Watts parsème ses écrits de réflexions au divin mais l'aborde comme un scientifique. Il est d'ailleurs très coquasse de s’apercevoir qu'une question aussi "mystique" préoccupe autant les auteurs de science-fiction.
Toujours dans le même ordre d'idée, Peter Watts se penche constamment sur notre capacité à choisir, sur ce qui, en réalité, constitue notre libre-arbitre. Dans Malak, plus qu'un simple questionnement sur le terrifiant pouvoir des drones tueurs, le canadien se penche sur la notion de choix, qu'il soit calculé par des statistiques sur des dégâts collatéraux ou évalué par un pseudo-scanner du futur qui permet de trier vos intentions les plus malsaines pour les réaligner dans Les Yeux de Dieu. Cette dernière nouvelle, l'une des plus puissantes du recueil, en dit d'ailleurs long sur cette thématique. Est-on le pur produit de ses pulsions ou peut-on les refréner une vie durant par la seul force de sa volonté ? En intégrant cette réflexion à la question de la pédophilie, Watts aime jouer avec les limites...mais il le fait bien. En définitive, le choix peut s'interpréter d'une myriade de façon différente, et surtout, selon une myriade de référentiels différents. Il suffit de voir comment se résout l'affaire Hillcrest contre Velikovski, petite histoire malicieuse et bourrée d'un cynisme réjouissant. Selon le paradigme que l'on choisit, le choix devient bon ou mauvais, et les personnages sortis de l'esprit de Watts, tout comme ses univers dans un sens plus large, peuvent être vus sous un angle positif ou négatif. Après tout, dans Le Second avènement de Jasmine Fitzgerald, ce n'est pas nécessairement un meurtre qui est commis mais bien une tentative désespérée pour sauver une personne, même si cela passe par une éviscération en bonne et due forme. Dans Les Choses, notre entité bienveillante ne cherche qu'à corriger nos propres lacunes. Le chimp, quand à lui, cherche à protéger sa mission et son équipage du mieux qu'il le peut dans les nouvelles d'Eriophora. Dans cette dernière partie d'ailleurs, on retrouve le goût prononcé de Watts pour la Hard-SF spatiale de haut vol. L'île en est certainement le plus brillant (et tortueux) exemple et démontre bien que les intentions d'une entité résolument étrangère, sont tout à fait incompréhensibles pour l'homme. Manipulation ou simple déviation morale...qui sait. Dans ces trois histoires, Watts n'oublie jamais surtout sa capacité à émerveiller par l'immensité du projet spatial, qu'il s'agisse de l'univers lui-même (et cette plongée dans Géantes) ou par l'envergure d'une expédition, d'une mission qui semble vouée à l'éternité.

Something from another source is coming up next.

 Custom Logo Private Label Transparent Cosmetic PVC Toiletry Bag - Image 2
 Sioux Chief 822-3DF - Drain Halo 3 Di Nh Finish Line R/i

Reste alors des nouvelles moins significatives peut-être pour le lecteur novice de l'univers de Peter Watts. Colonel par exemple est pourtant un brillant (et réjouissant) prélude à Echopraxie qui remet un tas d'obsessions de son auteur sur la table entre la question du choix, le statut de divinité, la dystopie comme seul échappatoire (avec l'optimisme en bagage), le contact avec une intelligence impénétrable ou encore cette ambiance Hard-SF inimitable qui laisse sur le carreau les lecteurs du dimanche. Ses derniers textes, Une niche et Maison, prennent place dans l'univers Rifteurs. La première définit tout ce que l'on retrouve dans Starfish et fera jubiler les amateurs des grandes profondeurs, la seconde hybride la perception du premier texte (Les Choses) avec l'univers Rifteurs pour donner un aperçu d'une évolution pour le moins inattendue de l'Homme confronté à un environnement hostile. Le recueil se conclut d'ailleurs sur un essai tout à fait passionnant, hanté par une malheureuse expérience vécue par Watts dans le monde réel, et où celui-ci tente de se faire passer pour un optimisme...en considérant notre piètre monde moderne. Le bougre y parvient d'ailleurs aisément.
Que dire en conclusion sur Au-delà du gouffre ?
Forme suprême de la science-fiction, la nouvelle trouve avec Peter Watts un représentant de poids. Chaque texte regorge de subtilités et d'idées passionnantes, suscite la réflexion ou l’émerveillement, tout en prouvant que la Hard-SF peut rester relativement accessible pour le lecteur de science-fiction traditionnel. Loin de la froideur total d'un Ted Chiang, l'écriture viscérale de Peter Watts nous entraîne dans les profondeurs de l'espace ou de l'océan, malmène votre cerveau et vos croyances et vous interroge constamment. Voilà donc un recueil à mettre entre toutes les mains pour découvrir un auteur passionnant.